SAWS has argued that the principle should apply to the EAA because of the importance of water.
“The key issue is whether a governmental entity like the EAA exercises governmental functions that essentially have an impact on the daily lives of ordinary citizens,” Kosub said. “We have always felt, and I think offered extensive evidence to show that the functions of the EAA are very broad.”
Kosub said SAWS does have “appellate options” but declined to say whether the utility will appeal the decision.

The court ruled that the Edwards Aquifer is not a general-purpose government entity, and therefore is not in violation of the equal protection clause of the Fourteenth Amendment of the United States Constitution. But this does not mean that Bexar County residents are being treated fairly by the Edwards Aquifer board.
San Antonio (Bexar County), small cities, farmers, and businesses are competing for the pumping and the free flow from the Edwards Aquifer water. Significant free flow of the Edwards Aquifer water is from the Comal and San Marcos springs.
The Edwards Aquifer was established by state law as a “conservation and reclamation district”. The court decision states “In this case, the primary purpose of the EAA is the management, protection, preservation, and conservation of the Edwards Aquifer, a unique and distinctive natural resource.” The Court states that section 1.01 of state law states …”the Edwards Aquifer is declared to be a distinctive natural resource, a unique aquifer, and not an underground stream…”
Will Bexar County residents pay for 100% or for a majority of the conservation? Will downstream cities and industry benefit with free Edwards Aquifer water from the Comal and San Marcos springs, while San Antonio pays for desalination, expensive new sources of water, and other conservation projects? Do a majority of the Edwards Aquifer board members have more incentive to protect and increase the flow of the springs, than implementing the right technology for conservation?
When it comes to allocations from the Edwards Aquifer, there is a long history of tension between SAWS and the needs of others who rely on the Edwards, which, most notably triggered a law suit by the Sierra Club in 1996 to protect endangered species at Comal and San Marcos springs by curtailing unlimited pumping by SAWS. Because of that lawsuit, the Edwards Aquifer Habitat Conservation Plan has a menu of programs, like the Voluntary Irrigating Suspension Program Option, designed to sensibly and fairly manage Edwards allocations with respect to the needs of all users during times of drought.
Maintaining the current balance on the Edwards Aquifer Board is, I believe, is crucial to maintaining the equitable management of this resource. SAWS customers use one third to one half of our water supplies to irrigate lawns. To accord greater weight to this purpose, over the needs agricultural interests in areas with less populations who may represent a higher and better use of Edwards water resources, would not serve our region well and would not represent the intent of those who created the Edwards Aquifer Authority.

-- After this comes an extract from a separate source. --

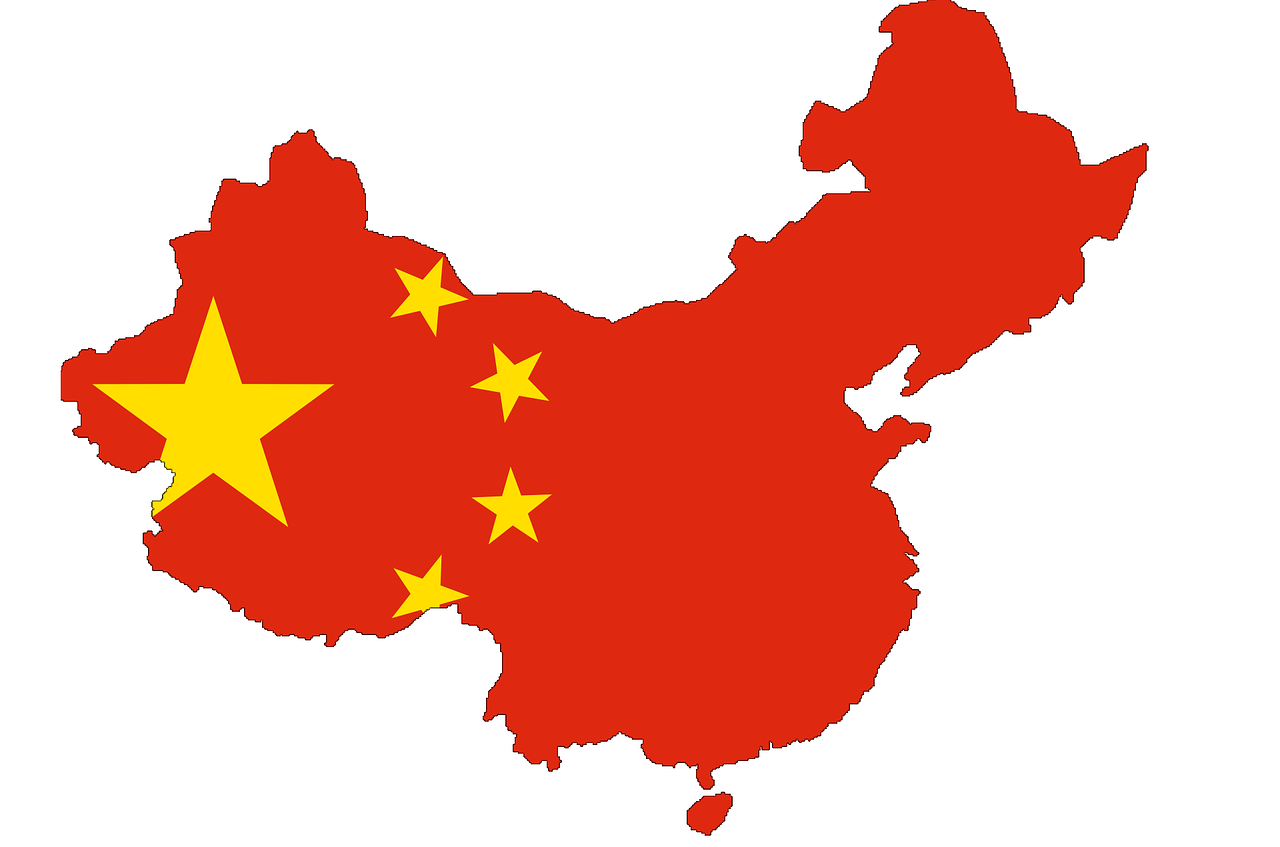 china flag map free photo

Among other benefits of how the Edwards is currently managed is the preservation of spring fed rivers needed to maintain the balance of saline and fresh water in gulf coast bays and estuaries. A respect for the Edwards Aquifer and its watersheds as an interconnected ecosystem must be achieved for a best case scenario for regional management of this marvelous water resource.
Finally, to address Rudy’s concerns about San Antonians paying for new water supplies: SAWS has already committed to the Vista Ridge project, which requires SAWS customers to foot the bill for so much water that SAWS is seeking to sell the water for consumption outside of Bexar County. I agree that a serious conversation about SAWS expanding its role as a water supplier is needed. But, changing representation of the EAA Board would not ultimately achieve fair treatment of SAWS ratepayers.